Perhaps most disturbing of all, a number of AAA-game developers have started treating the season pass as an attraction all to itself. Among the big releases at the backend of last year, EA very cheekily decided to stick its pre-order for the Star Wars Battlefront Season Pass up without actually revealing what was going to be in the package. When the game eventually arrived, the big promise was that the bare bones content that made up the games main experience would be padded out with extra content through the season pass – how is that acceptable? Even with DOOM this year, Bethesda was eager to get fans excited for the games Multiplayer Season Pass long before it showed off anything from the games single player – something that upon reflection looks very much like a desperate attempt to cash-in on the DOOM name. It’s frankly disgraceful
Worse still gamers have no recourse if the expressed promises don’t turn up in a timely manner. As those who invested in Batman Arkham Knight’s Season Pass discovered during 2015 – just because the developer makes vague promises at the outset doesn’t actually translate into anything tangible. Gamers expected to be able to play as Nightwing and Batgirl in the main city. They expected more challenges and locations that would pad out their involvement. But these didn’t turn up until long after the games release – by which time savvy gamers could snap up the season pass for a fraction of the price. Even then the level of content delivered was far below the expected threshold; disappointing expectant gamers all around as the “promise” made by Warner Bros months earlier devolved into a lacking experience. Could gamers get a refund for this? Of course they couldn’t. Warner Bro had already pocketed the money from eager fans and moved onto the next project. Gamers were left with DLC that neither satisfied nor provided a way for them to get their money back.

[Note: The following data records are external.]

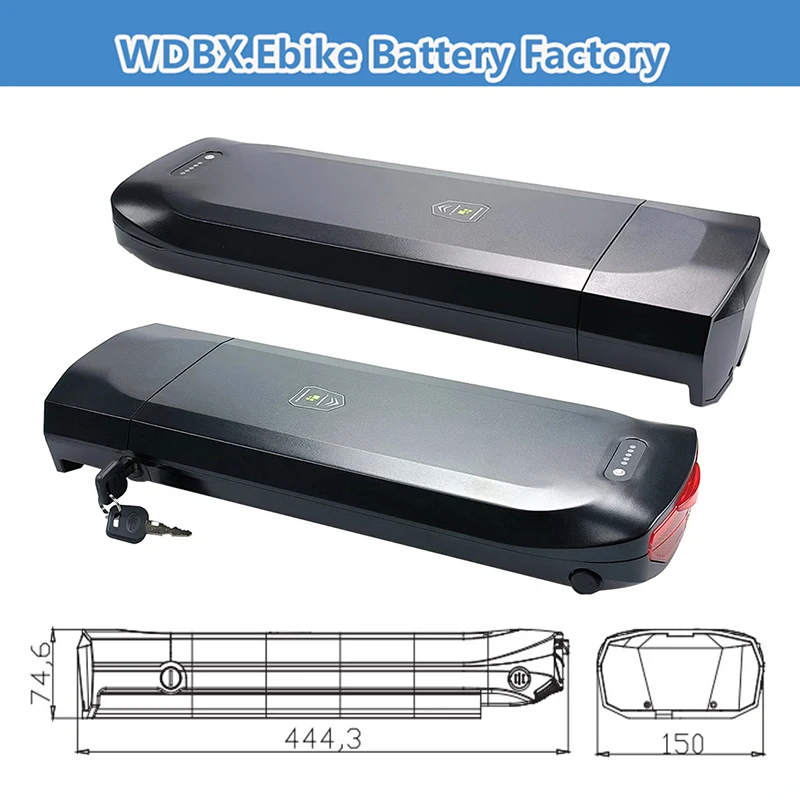 36V 13AH City Bike Gepäckträger Ebike Akku 15Ah 17,5Ah 48V 12,8Ah 14Ah für Joycube Toplife E-4600 Pendleton Amigo E-Active Ebike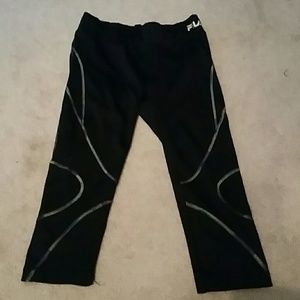 Black workout leggings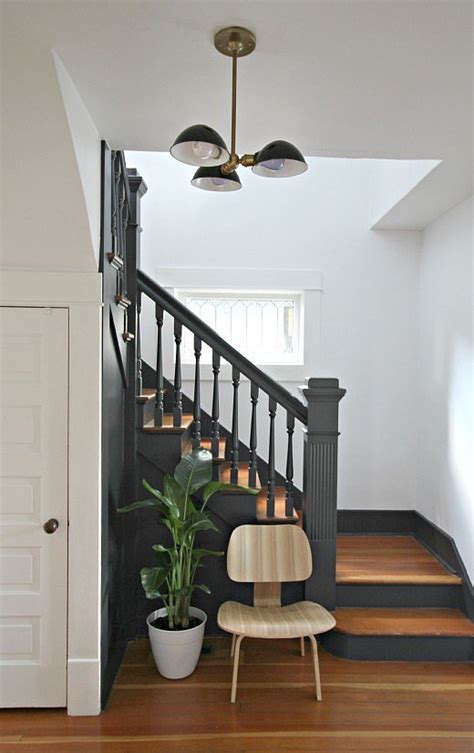 How To Modernize A Staircase With Paint Popsugar Home
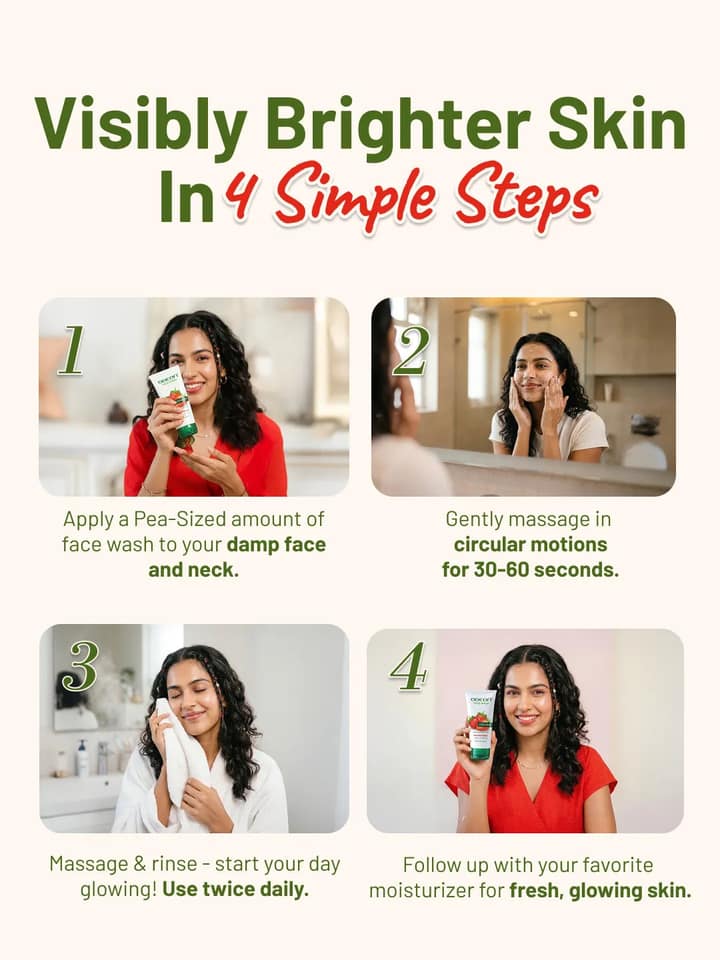 Strawberry Travel Pack Face Wash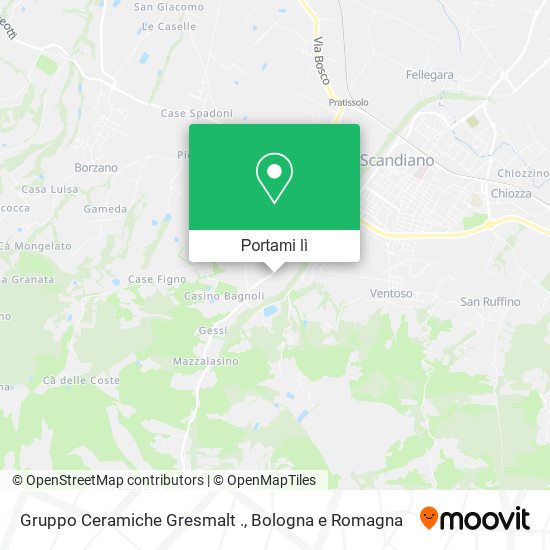 Mappa Gruppo Ceramiche Gresmalt .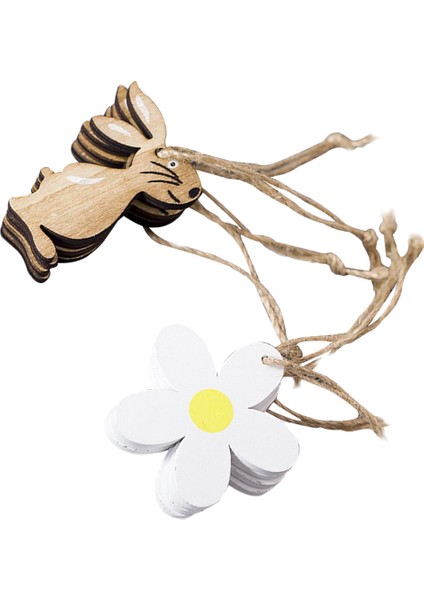 8 Adet Set Paskalya Bunny Tavşan Çiçek Pendents Ahşap Etiketler Asılı Dekorasyon (Yurt Dışından) fırsatları
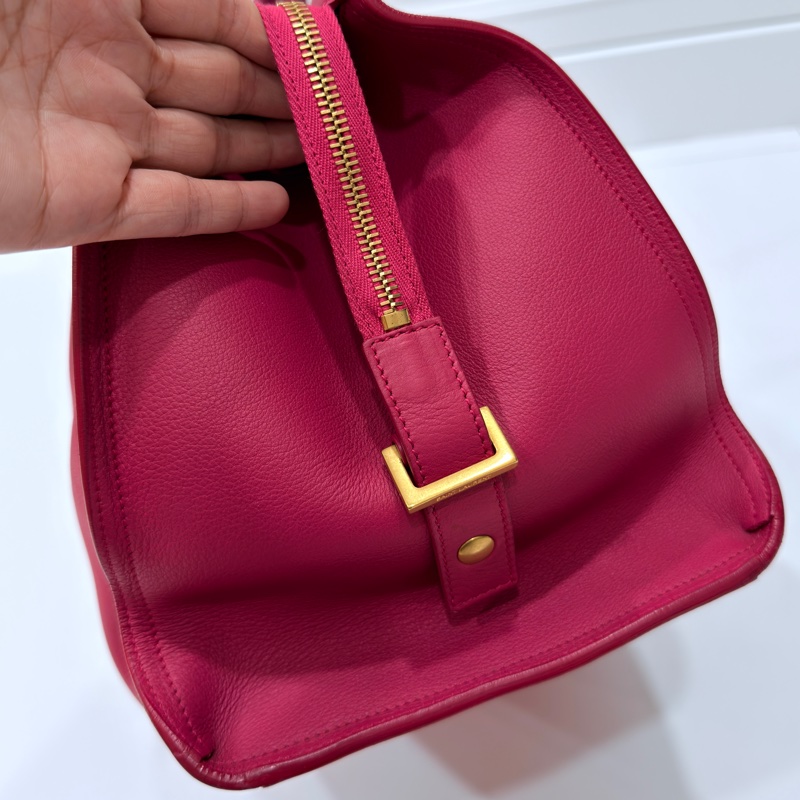 YVES SAINT LAURENT YSL 聖羅蘭 CABAS CHYC 桃紅色 手提包 醫生包 公事包 波斯頓包-43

When gamers shell out £50/$60 for a videogame, they expect the experience to be a complete one yet even at launch, content is hidden behind the Season Pass as a desperate cash-grab. A way to entice the most loyal of gamers to pony up as early as possible for extra skins and content that should be in the base game. Can you imagine going to see a Marvel movie in the cinema, only to have to shell out for the after-credit scenes? That’s effectively what gamers are being asked to do every time they buy a Season Pass – being asked to pay out for something there’s no quality control or guarantee over.
The relationship between developers and gamers is much more intimate than that of any other medium; largely because gamers can actively influence the outcome of the game even when it’s being made. But publishers and developers seem to have developed a certain level of arrogance around Season Passes. There seems to be an expectation now that it’s OK to cut off content and hide it away in the Season Pass, an attempt to pad out the value of something that might otherwise disappoint. In particular when the Season Pass cuts launch content away – typically in the form of Skins or extra weapons – it feels almost like publishers are trying to cheapen the concept of Season Passes. Is this what it’s come too – free content being considered the exception of the $60 game rather than the norm?
In truth its not just publishers and developers who are to blame for this culture. Gamers need to stop jumping on board with Season Passes that don’t actually say what they’re going to be – shelling out upwards of $40 on top of the retail game price for what amounts to a promise. The likes of Fallout 4 and Star Wars Battlefront should be telling gamers what they’re paying for. It shouldn’t be a game of Russian Roulette, Perhaps most disturbing of all is when you hear about developers working on DLC over finishing the base-game. As though priority is being given to the extras rather than to the main course. It’s unacceptable.
Ultimately there needs to be a re-think of the Season Pass concept Both sides need to re-evaluate what it is they expect from the process and what ultimately justifies the whole experience. Sadly this won’t occur until gamers stop enabling the process. Developers and publishers deserve maximum return on their investment – but in return they should be held accountable when they don’t deliver the quality they market.